Mabey it's like being gay.:P You are born that way. You look at others and how they are different from you. You feel there is something wrong with you. You try to 'act' like you see others are. No matter how much you try to 'pass' as what the world weiws as norman you never feel like you are like them. You feel the need to hide what you really are inside becouse it dosn't fit what you are supposed to be. However I would think being gay would be all of this and worse becouse you then add the people who woulld shame you, tell lyou you are imoral, going to hell and that you are chooseing the 'wrong' way of being...... sad:(.

Good analogy
 
Hi -- This is my first post. My son has been struggling socially, I have suspected Aspergers for a long time, but he has been screened more than once (due to ADHD issues) and has never clinically met the criteria to be diagnosed. Now we are in a terrible place. We found out he was cutting himself, violated his privacy and discovered he was very depressed and suicidal (don't ask how he successfully hid his depression for months, but he did, including having a psychiatrist evaluate him and say -- "your son is fine".
 
Sorry, didn't finish my introduction before it posted accidentally, and then I couldn't finish it until the mods approved it as it is still my first post! My son is 14, and is inpatient in the hospital right now, and has started on meds. We are beginning to see the depression lift. He will be in a partial hospitalization program beginning next week -- they will treat his depression and Aspergers... he has an unofficial diagnosis from his psychiatrist, we haven't yet seen a neuropsychologist for testing that is the next step.

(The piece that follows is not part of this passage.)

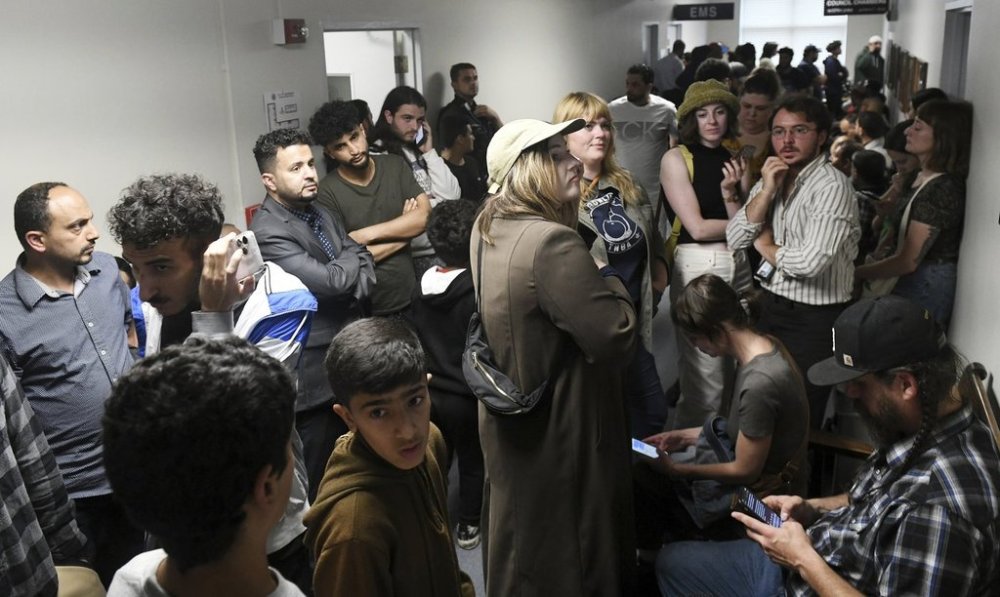 FILE - People who could not get into the Hamtramck city council chambers try to listen via YouTube or on the monitor in the hallway, during public comment on the flag neutrality law being considered by the city council in a meeting at City Hall in Hamtramck, Mich., June 13, 2023. (Robin Buckson/The Detroit News via AP, File)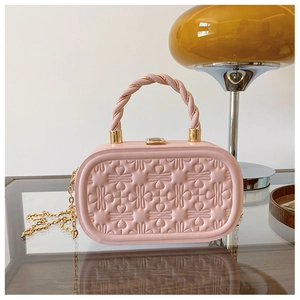 Detalle de bolso caja rosa con textura de corazones en relieve y cadena dorada fina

One puzzling symptom that I can't find any reference to in the literature, is an aversion to a few different people. He cannot look them in the eye, cannot tolerate being near them, and has an almost physical reaction when they are near, he recoils and hides his face. Our therapist has indicated that this is part of the PDD that he has, but my research is not turning up much information on this. I'd appreciate any experience anyone has had with this.
 
Hi and welcome!

You mention "a few different people" and you can't find anything about it. Who are those few people? Perhaps these people have cause him trauma at some point.

From own experience... I'm an adult, so I can steer clear of those people easier I guess, but that doesn't make it so that I do not have some kind of aversion or bad feelings about some people in the past. That group is limited, but it's there, for a variety of reasons.

Also; you mention they will treat his depression and Aspergers? Depression I can fully understand treatment for. What are they planning for his Aspergers? If anything I think coping methods might be an option, but that's the best there is so far.
 
Thanks for the response. Well, one of the people that he has a strong aversion to, can't stand to be in the same room, is his little sister, who is occasionally a typically annoying and obnoxious little kid, but hasn't done anything traumatic. The other kids are in his school.... we suspected some sort of trauma, but he hasn't described anything like that, they exhibit bad behavior that he disapproves of, but assures us that this bad behavior is not directed toward him. Now the kids at school we can deal with, but his aversion to his little sister is, as you can imagine, just tortuous for him. He finds her presence so upsetting that it increases his anxiety and depression and he finds it intolerable to be at home when she is there, which, as you can imagine, is making for a very difficult home life for both of them. He is miserable at home, and she is puzzled. So we are hoping to help him overcome this aversion, so he can enjoy being part of our family again. We will work it out in therapy, but I'm interested if others have experience with this.

As for treatment, what I mean is therapy, I guess. Group therapy dynamics will be slightly different in this setting, where they are grouping together adolescents with Aspergers. I am probably getting the terminology all wrong, we are so new to this diagnosis, I am trying to educate myself as quickly as possible so I can help my son and our family understand all of this better.